Sal leaned forward from the tiny back seat of the Camaro. “I don’t know what you know,” he said, wedging his torso between the two front seats. “So I’m gonna assume you know nothing.”
I nodded.
“Just to give you some history of the relationship, I know your grandpops because back in the sixties, he used
to be a part of this organization—sort of secret anarchy movement—called Great Purpose. You familiar?”
Mara and I nodded.
“What? Secret anarch—”
“Dad,” I said, finding him in the rearview mirror. “I’m sorry, but there’s a lot we didn’t know. I’ll fill you in, but we’ve kinda gotta move forward right now.”
He looked like he might throw up.
“I mean, it wasn’t anything too serious, not at first anyway. Just a bunch of kids, right around your age. This was Vietnam time, so everybody and their mother was scared shitless they were gonna get drafted, and they were starting to think maybe the government wasn’t so smart sending our boys over there, but they didn’t know what to do about it.
“So Arty n’ them, what they’d do is, they’d find a city, go meet the people, give ’em some literature, get ’em all pissed off and excited, and they’d teach ’em how to protest. ’N’ ’cause it was happening in San Francisco, everyone in Washington’d just say, ‘Ah, that’s just San Francisco, bunch a fuckin’ hippies.’ But then, bam. Riot in Denver. Kids on the march in Omaha. Now people are paying attention; phony newspaper guys like me are startin’ to give a shit, seems like a revolution is afoot in America. That’s what your grandpa did.

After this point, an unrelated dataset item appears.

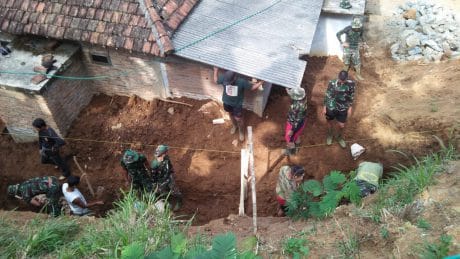 Satgas TMMD Bersama Warga Mulai Kerjakan TPJ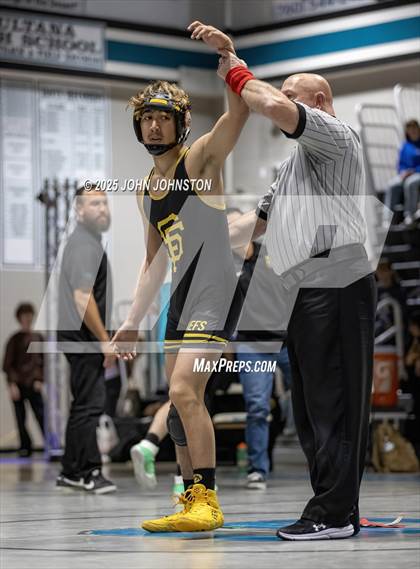 Thumbnail 3 in Sultana vs Santa Fe (CIF SS Division 3 Final) photogallery.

He started the revolution.
“And these new kids, this Jack—” He pointed to his face. “I don’t know what kinda God complex they’ve got, or what kinda powerful shit they’re smoking, callin’ themselves Great Purpose and thinkin’ they’ve got something to do with that, but it’s bogus. I don’t even know how they know about all this.”
“The leader, Jack,” Mara said. I smiled at how disgusted Mara sounded saying his name. “Is Hunter S. Thompson’s son.”
“Well . . . that makes sense, seeing as his pops was also a royal asshole. Apples and trees. So how I come into the story, how I know your grandpa, is that Arty, being smart, realized these protests were only gonna get as big as the newspapers would say they were. So he decides he needs a newspaperman, somebody with a national circulation, who’ll run what he tells him to run. We get introduced at a Rolling Stone function, we get blackout drunk, he tells me ’bout what they’re doing, and I see this could be mutually beneficial. I tell him I’ll print what he wants, but only so long as he promises it’s all coming to me first. So I did, and it was the best thing I ever did, too. I ended up gettin’ friendly with all the guys—Arty, Johnny, Jeff and Orlo, Duke, when he wasn’t off playing God—the whole gang.”